Each line of the data below must be given again exactly as written.

• Source material:
####################

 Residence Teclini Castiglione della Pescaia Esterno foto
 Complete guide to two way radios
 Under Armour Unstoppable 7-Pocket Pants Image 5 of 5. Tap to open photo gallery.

####################

• Exercise answer:
 Residence Teclini Castiglione della Pescaia Esterno foto
 Complete guide to two way radios
 Under Armour Unstoppable 7-Pocket Pants Image 5 of 5. Tap to open photo gallery.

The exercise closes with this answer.